Paweł Przedpełski - Toruń - Szkoda, że przegraliśmy. Zabrakło, szczerze mówiąc, tych czterech nieszczęsnych punktów, ale taki jest sport. Każdy z nas gdzieś pogubił punkty w każdym biegu. Jeśli chodzi o tor, to było trochę inaczej, niż wcześniej. Nie ukrywam, że ten krawężnik był mocno namoczony. Koleiny, które nigdy nie robiły się na MotoArenie, teraz się pojawiły. Fajnie było jak, można było je wykorzystać, tylko trzeba było być czujnym. Ten deszczyk te pierwsze trzy metry wewnątrz toru odmoczył i dzięki temu też można było fajnie wyskoczyć z krawężnika, ale też można było mijać szerzej i było sporo tych mijanek. Nie miałem okazji tu trenować, bo liga szwedzka była bardzo napięta, że przyjechaliśmy w piątek o 22:00.
Dominik Kubera - Lublin - Nigdy nie radziłem sobie jakoś dobrze na MotoArenie, ale kiedy zobaczyłem tor przed tym meczem to byłem uśmiechnięty, ponieważ start był przygotowany idealnie, a ja lubię takie przyczepne pola startowe. Bardzo szkoda mi mojego ostatniego wyścigu, bo cel był taki, aby tak walnąć ze startu, żeby już do końca biegu nie oddać prowadzenia. Niestety źle wjechałem w łuk i prawie spadłem z motocykla, przez co straciłem zwycięstwo i przyjechałem aż na trzeciej pozycji. Moje wcześniejsze wyścigi były całkiem dobre, zważywszy też na to, że mam numer startowy, którego bardzo nie lubię. Jadąc z numerem 8. na cztery wyścigi w rundzie zasadniczej trzy jadę po równaniu toru, a ja nienawidzę jeździć po równaniu. Muszę jednak też ćwiczyć to, aby być lepszym zawodnikiem i na tym będę się skupiał. Dwa punkty przewagi to troszkę mało, mogliśmy wykorzystać więcej szans, które mieliśmy, jednak są one niezwykle ważne w kontekście rundy play-off, o którą bardzo będziemy walczyć. Na pewno nadal mamy troszeczkę rezerwy, bo na pewno po tym spotkaniu nie będzie zadowolony Jarosław Hampel czy Krzysztof Buczkowski, a wiemy bardzo dobrze, że potrafią jeździć na żużlu, tylko jeszcze czegoś trzeba poszukać. Jeżeli uda nam się wejść do play-off i akurat wtedy wszystko zagra tak, jak ma być, to dopiero wtedy możemy pokazać jak silną drużyną jesteśmy.
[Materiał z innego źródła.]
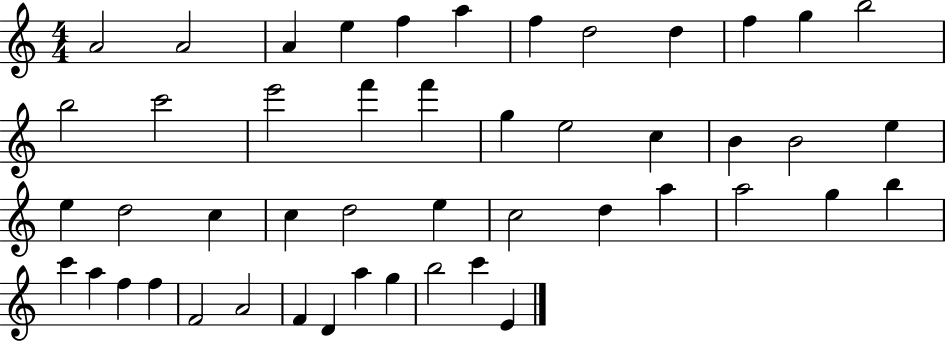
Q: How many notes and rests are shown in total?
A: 48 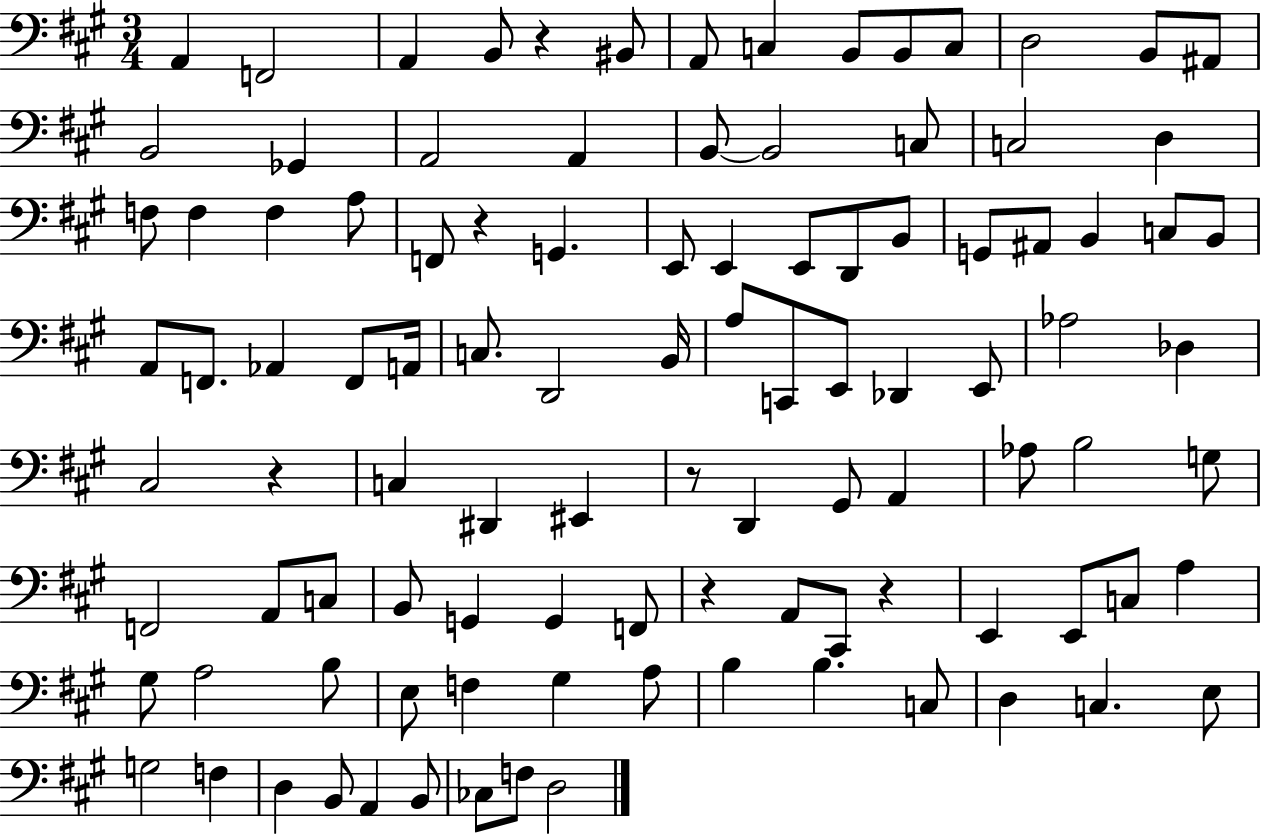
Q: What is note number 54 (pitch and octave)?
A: C#3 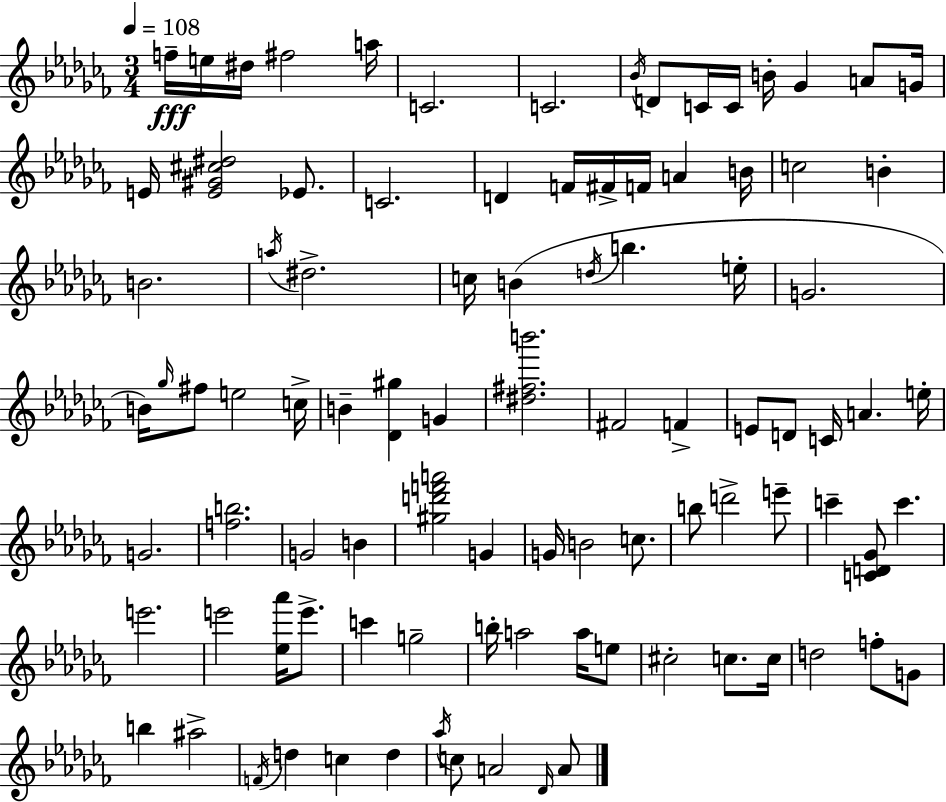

Mikkel Michelsen - Lublin - Zamierzam wystąpić w barwach swojego klubu z dzieciństwa, czyli Slangerup w duńskiej Metal Speedway League. Nie mogę się doczekać wznowienia wyścigów w Danii. Ostatnio skupiłem się na mistrzostwach Europy. Teraz gdy już zwyciężyłem, mogę skupić się z powrotem na wyścigach ligowych zarówno dla Lublina, jak i Slangerup. Równocześnie jestem w trakcie przygotowań do Indywidualnych Mistrzostw Świata w przyszłym roku. Jestem mistrzem Europy i jestem gotowy na Grand Prix w 2022 roku. Ale nadal w największym stopniu skupiam się teraz na wyścigach ligowych z Lublinem i zdobyciu medalu. Od ostatniego minęło 30 lat, więc zdecydowanie to jest nasz cel.